Bei einer Gesamtzykluszeit von wenigen Millisekungen müsste die Auflösung schon im Mikrosekundenbereich liegen.

bG
Mandi


----------



## KingHelmer (28 Juli 2013)

> *)
> Ich habe die Oscat.lib eingebunden. Nun jammerd er laufend das zuviele Objekte im Projekt vorhanden sind.
> Ok. Das kann ich ja unter "Zielsystem - SPeichereinstellungen - Max Anzahl Bausteine" einstellen ( Wert 1023 erhöhen ).
> Dann jammerd er aber beim Einspielen das zuviele Daten verwendet werden
> ...



Hi!
Nachdem du die Bausteinanzahl erhöht hast, kannst du das Projekt übersetzen.
Nach dem Übersetzen kannst du bei den "Übersetzungsoptionen" die "unbenutzen Objekte ausschließen".
Dann werden automatisch alle Bausteine, die du in deinem jetztigen Programm nicht brauchst, ausgeschlossen.
Bevor du dann das Programm überträgst, musst du wieder die max. Anz. Bausteine auf 1023 zurücksetzen, sonst kannst du es nicht laden.

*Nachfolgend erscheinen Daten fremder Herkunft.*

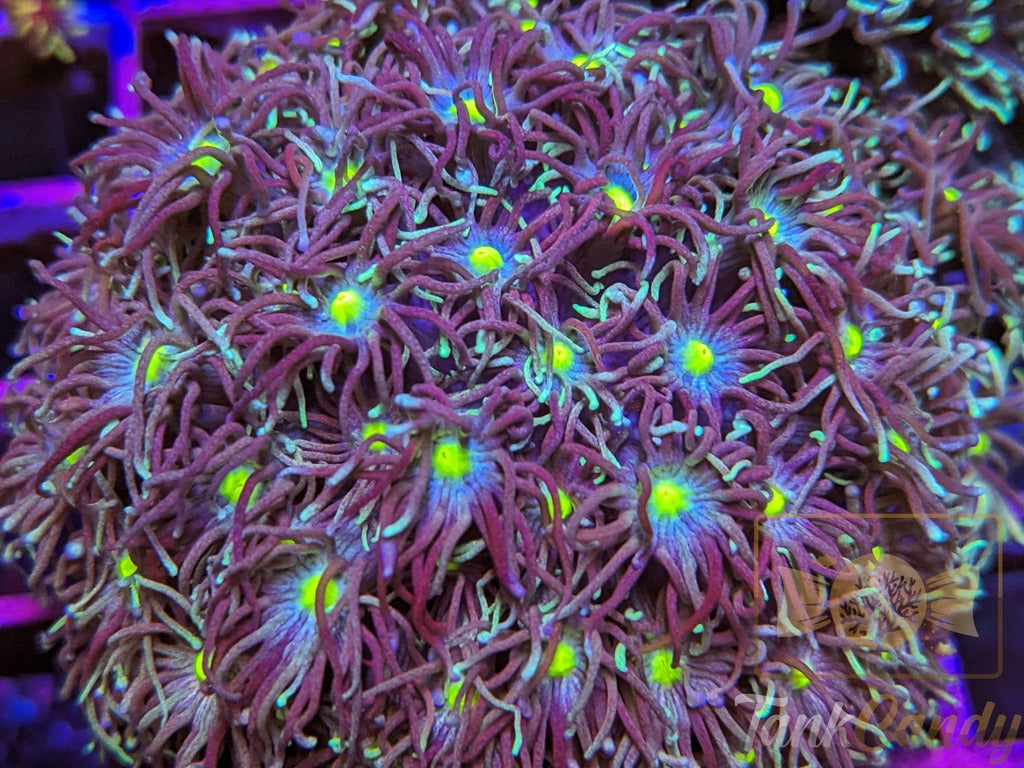 TC Shooting Star Goni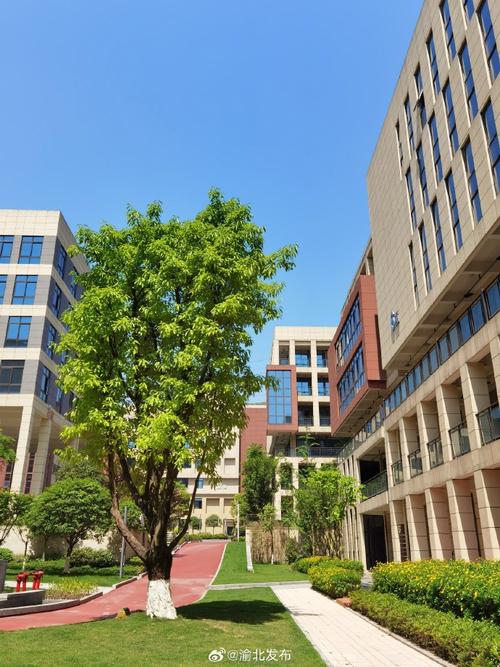 【渝北聚"星"成鏈 加快建設重慶國盛數字創意產業園】
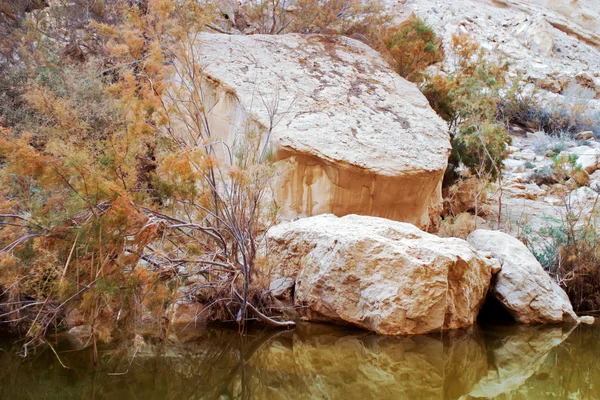 Escena del desierto con agua — Foto de Stock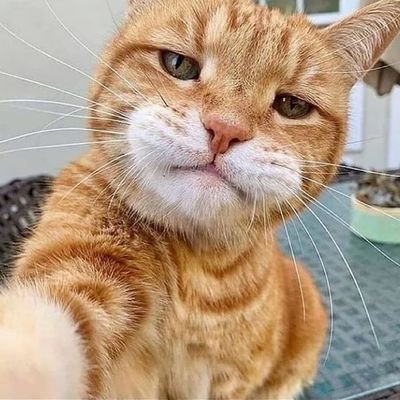 Brayan Pastrana Velez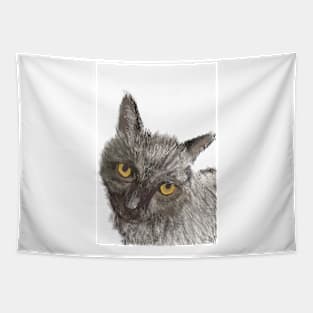 Black Cat Art Tapestry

Kannst natürlich auch manuell ausschließen, dass sparst du dir das erhöhen der Bausteinanzahl und das anschließende zurücksetzen.
Aber dann musst du eben wissen,welche genau du ausschließen kannst.

Ich persönblich habe mir eine eigene .lib gebaut, in welcher alle Abhängigen Bausteine aus den .libs, die ich brauche, enthalten sind.
So habe ich eben keine überladene Oscat.lib sondern eine eigene mit sehr wenigen Bausteinen.

Noch ein Tip für die Visu: Aktiviere immer den Haken "komprimieren" dadurch werden alle Visu-Elemente ca. 10 mal kleiner und du hast mehr platz für anderes.
Die Visu wird meiner meinung nach nicht langsamer dadurch!

Grüße, 
Flo


----------